FIG. 1 illustrates a nonaqueous electrolyte energy storage device 1 as an example of prismatic batteries. FIG. 1 is a view illustrating the inside of a case in a perspective manner. An electrode assembly 2 including a positive electrode and a negative electrode wound with a separator interposed therebetween is housed in a prismatic battery case 3. The positive electrode is electrically connected to a positive electrode terminal 4 via a positive electrode lead 41. The negative electrode is electrically connected to a negative electrode terminal 5 via a negative electrode lead 51.

<Energy Storage Apparatus>

The nonaqueous electrolyte energy storage device according to the present embodiment can be mounted as an energy storage unit (battery module) configured by assembling a plurality of nonaqueous electrolyte energy storage devices 1 on a power source for motor vehicles such as electric vehicles (EV), hybrid vehicles (HEV), and plug-in hybrid vehicles (PHEV), a power source for electronic equipment such as personal computers and communication terminals, or a power source for power storage, or the like. In this case, the technique of the present invention may be applied to at least one nonaqueous electrolyte energy storage device included in the energy storage unit.

FIG. 2 illustrates an example of an energy storage apparatus 30 formed by assembling energy storage units 20 in each of which two or more electrically connected nonaqueous electrolyte energy storage devices 1 are assembled. The energy storage apparatus 30 may include a busbar (not illustrated) for electrically connecting two or more nonaqueous electrolyte energy storage devices 1 and a busbar (not illustrated) for electrically connecting two or more energy storage units 20. The energy storage unit 20 or the energy storage apparatus 30 may include a state monitor (not illustrated) that monitors the state of one or more nonaqueous electrolyte energy storage devices.

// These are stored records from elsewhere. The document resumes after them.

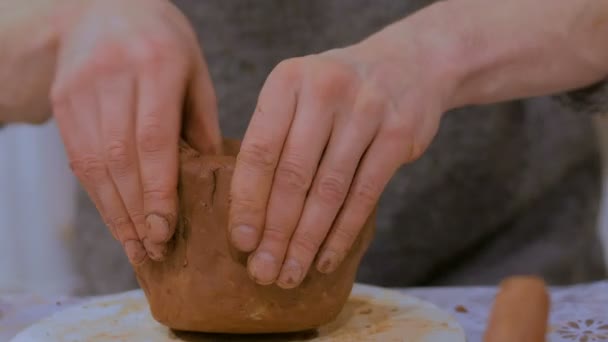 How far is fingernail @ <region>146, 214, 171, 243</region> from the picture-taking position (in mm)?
806

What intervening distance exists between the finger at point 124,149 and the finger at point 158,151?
0.5 inches

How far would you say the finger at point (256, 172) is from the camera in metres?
0.79

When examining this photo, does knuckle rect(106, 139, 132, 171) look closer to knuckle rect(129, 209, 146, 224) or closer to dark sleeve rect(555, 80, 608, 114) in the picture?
knuckle rect(129, 209, 146, 224)

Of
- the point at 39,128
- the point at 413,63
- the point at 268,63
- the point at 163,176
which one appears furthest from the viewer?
the point at 39,128

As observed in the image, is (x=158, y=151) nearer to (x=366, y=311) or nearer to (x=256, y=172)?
(x=256, y=172)

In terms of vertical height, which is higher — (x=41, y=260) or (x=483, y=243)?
(x=483, y=243)

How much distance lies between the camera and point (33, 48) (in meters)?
1.09

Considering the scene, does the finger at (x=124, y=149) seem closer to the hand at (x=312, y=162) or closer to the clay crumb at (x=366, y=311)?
the hand at (x=312, y=162)

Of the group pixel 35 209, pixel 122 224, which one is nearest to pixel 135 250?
pixel 122 224

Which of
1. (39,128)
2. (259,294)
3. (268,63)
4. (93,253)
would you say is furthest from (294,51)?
(39,128)

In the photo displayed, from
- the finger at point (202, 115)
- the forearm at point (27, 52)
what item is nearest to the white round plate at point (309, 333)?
the finger at point (202, 115)

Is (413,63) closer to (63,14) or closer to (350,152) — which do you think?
(350,152)

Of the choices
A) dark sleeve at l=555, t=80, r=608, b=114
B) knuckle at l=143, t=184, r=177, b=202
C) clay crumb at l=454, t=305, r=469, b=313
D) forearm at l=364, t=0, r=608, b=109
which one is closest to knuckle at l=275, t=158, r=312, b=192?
knuckle at l=143, t=184, r=177, b=202

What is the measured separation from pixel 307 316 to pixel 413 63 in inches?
12.6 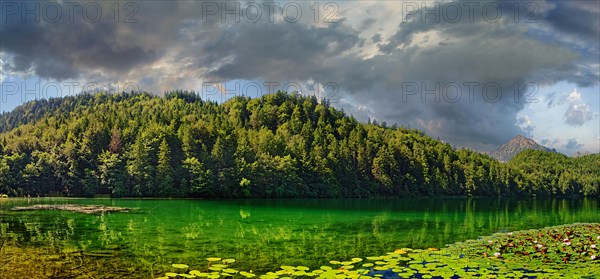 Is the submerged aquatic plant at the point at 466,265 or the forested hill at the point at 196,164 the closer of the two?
the submerged aquatic plant at the point at 466,265

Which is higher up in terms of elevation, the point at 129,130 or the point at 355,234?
the point at 129,130

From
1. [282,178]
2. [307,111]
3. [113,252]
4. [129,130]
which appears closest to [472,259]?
[113,252]

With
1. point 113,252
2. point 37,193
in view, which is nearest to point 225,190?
point 37,193

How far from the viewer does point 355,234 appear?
31328mm

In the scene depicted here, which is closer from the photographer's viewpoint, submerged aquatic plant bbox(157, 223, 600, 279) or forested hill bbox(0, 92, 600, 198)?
submerged aquatic plant bbox(157, 223, 600, 279)

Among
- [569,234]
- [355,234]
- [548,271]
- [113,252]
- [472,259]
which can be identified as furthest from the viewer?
[355,234]

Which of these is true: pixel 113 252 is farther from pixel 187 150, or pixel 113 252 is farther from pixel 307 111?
pixel 307 111

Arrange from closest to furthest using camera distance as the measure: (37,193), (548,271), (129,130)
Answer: (548,271)
(37,193)
(129,130)

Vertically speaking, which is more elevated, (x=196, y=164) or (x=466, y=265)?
(x=196, y=164)

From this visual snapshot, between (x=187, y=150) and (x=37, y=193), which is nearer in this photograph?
(x=37, y=193)

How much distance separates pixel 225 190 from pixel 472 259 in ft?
295

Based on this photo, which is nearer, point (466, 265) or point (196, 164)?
point (466, 265)

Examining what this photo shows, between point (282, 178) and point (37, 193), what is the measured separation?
185 ft

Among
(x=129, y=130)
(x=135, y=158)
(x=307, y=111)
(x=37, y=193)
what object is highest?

<Method for Manufacturing Nonaqueous Electrolyte Energy Storage Device>

A method for manufacturing a nonaqueous electrolyte energy storage device according to an embodiment of the present invention includes: oxidizing a carbon material; fabricating a positive electrode containing a composite of the oxidized carbon material and sulfur; preparing a negative electrode containing lithium; and preparing a nonaqueous electrolyte containing a nonaqueous solvent containing a carbonate.

(Oxidation Treatment)

By subjecting the carbon material to oxidation treatment, it is possible to increase the content of oxygen extracted in a range of 1,000° C. to 1,200° C. in the carbon material. A conventionally known carbon material is used as the carbon material to be subjected to oxidation treatment. The carbon material is preferably a porous carbon material. A commercial product can be used as the carbon material.

Examples of the method for oxidizing the carbon material include heating in an oxygen atmosphere and contact with an oxidizing agent. The oxygen atmosphere may be an air atmosphere. The heating temperature is preferably 100° C. or more and 500° C. or less, more preferably 150° C. or more and 350° C. or less. By setting the heating temperature to a temperature equal to or more than the lower limit, it is possible to increase the content of oxygen extracted in a range of 1,000° C. to 1,200° C. in the carbon material. By setting the heating temperature to a temperature equal to or less than the upper limit, it is possible to suppress changes in the crystal structure and the like of the carbon material due to the oxidation treatment. The heating time is preferably 1 hour or more and 20 hours or less.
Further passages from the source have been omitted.